The article itself was written by Yediot's London correspondent, Modi Kreitman, and was based on the report written by American free-lance journalist Harold Hough for the September issue of Jane's Intelligence Review. Hough, a veteran writer for Jane's, is highly regarded as an expert in analyzing satellite photos, and for his wide-ranging sources of information. For the article, Hough was able to obtain extraordinarily good aerial photos of the missile base in Kfar Zachariah, several kilometers southeast of Tel Aviv.
In addition to the fact that the Yediot Ahronot article was the first fully public presentation in Israel of unequivocal information about the existence of Israeli nuclear weapons and the missiles for delivering them, one must ponder the subsequent silence about this weighty issue. It is as if someone telephones you with sensational news and, having spoken it, the line goes dead and you are left holding the soundless receiver! After the Yediot article and one further brief commentary in another daily -- the matter was shelved.
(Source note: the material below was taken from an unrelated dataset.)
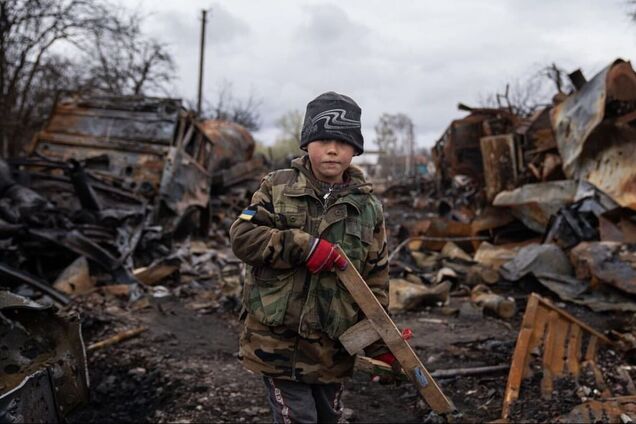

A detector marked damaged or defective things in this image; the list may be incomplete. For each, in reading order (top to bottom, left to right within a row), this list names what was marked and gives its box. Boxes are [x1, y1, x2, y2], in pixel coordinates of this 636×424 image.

rusted metal debris [0, 290, 89, 422]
No TV program took it up; no radio talk shows elicited listeners' views, reactions or questions. No questions were raised about the disposal of nuclear waste! The genie was pushed back into the bottle.
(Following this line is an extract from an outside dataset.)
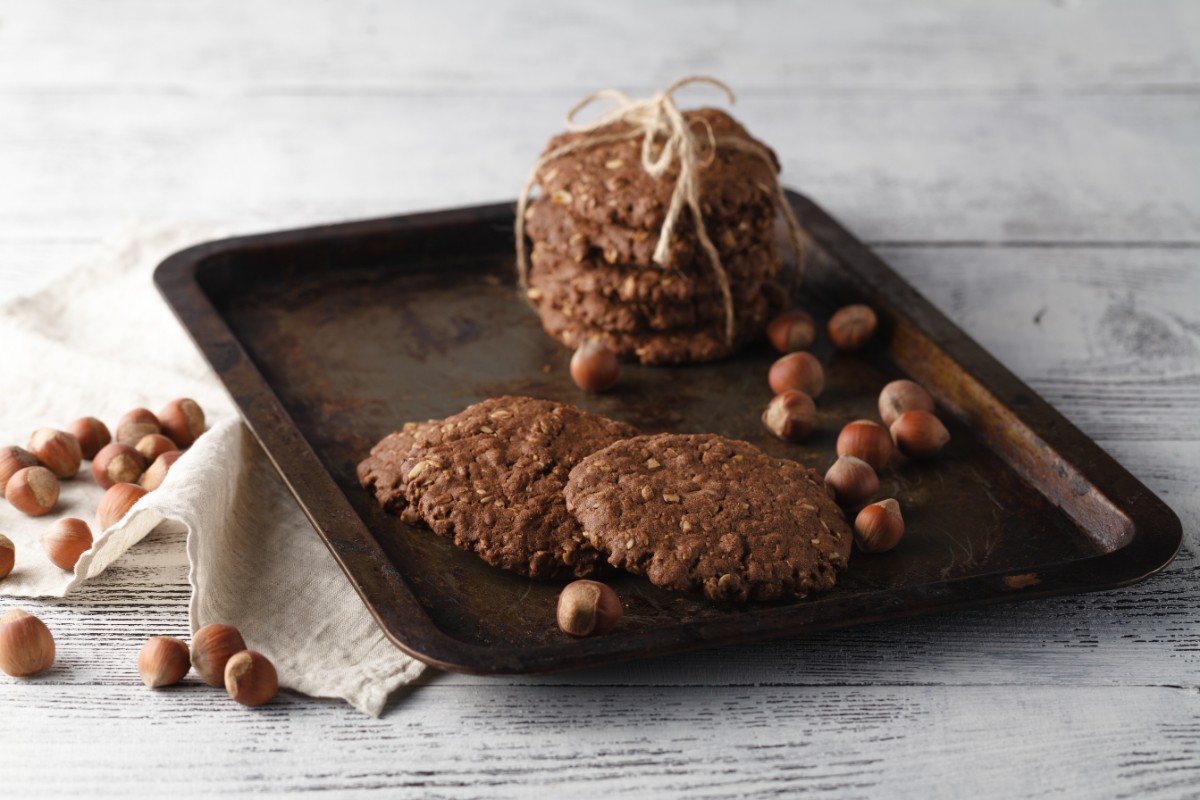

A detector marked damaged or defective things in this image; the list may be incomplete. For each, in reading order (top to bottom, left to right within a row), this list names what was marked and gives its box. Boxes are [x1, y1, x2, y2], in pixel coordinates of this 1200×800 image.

And there are the Kfar Zachariah nuclear bunkers within spitting distance of Tel Aviv's southeastern suburbs, vulnerable to attack, and the air force base at Tel Nof upwind from north Tel Aviv beaches. Yet public discussion is non-existent, or strangled.
In a tangential connection (the presentation in Tel Aviv of the one-actor play on the life and imprisonment of Mordechai Vanunu), Israeli columnist Meir Stiglitz wrote on July 14, 1997: "Israel is the only Western democracy possessing 'nuclear capacity' in which nuclear policy is effectively left out of public discourse. Those who are known as the country's leading intellectuals have chosen to abdicate and leave this issue almost entirely in the hands of the defense and security establishment."
From the viewpoint of an American, the publication in Israel of an article about the Hough report in Jane's raises several questions. For example: Why was this report about Israel's nuclear bomb and missile arsenal published at all? And why now? Intriguing also is the insertion in the Yediot article of sketches depicting the storage bunkers, transporters and preparatory deployment, as well a map of Israel described as "the nuclear map of Israel", reproduced from the American book Critical Mass published in 1994 and from a 1996 issue of Jane's. But these visual aids did not appear in Hough's Jane's article which only included a few satellite photos of the Kfar Zachariah area.
The Yediot article appears under an enormous banner headline signaling its importance: "THE ATOMIC WEAPONS ARE EXPOSED TO A HIT." This is the main theme both of the Hough report and the Yediot article about it. This information was meant to be seen!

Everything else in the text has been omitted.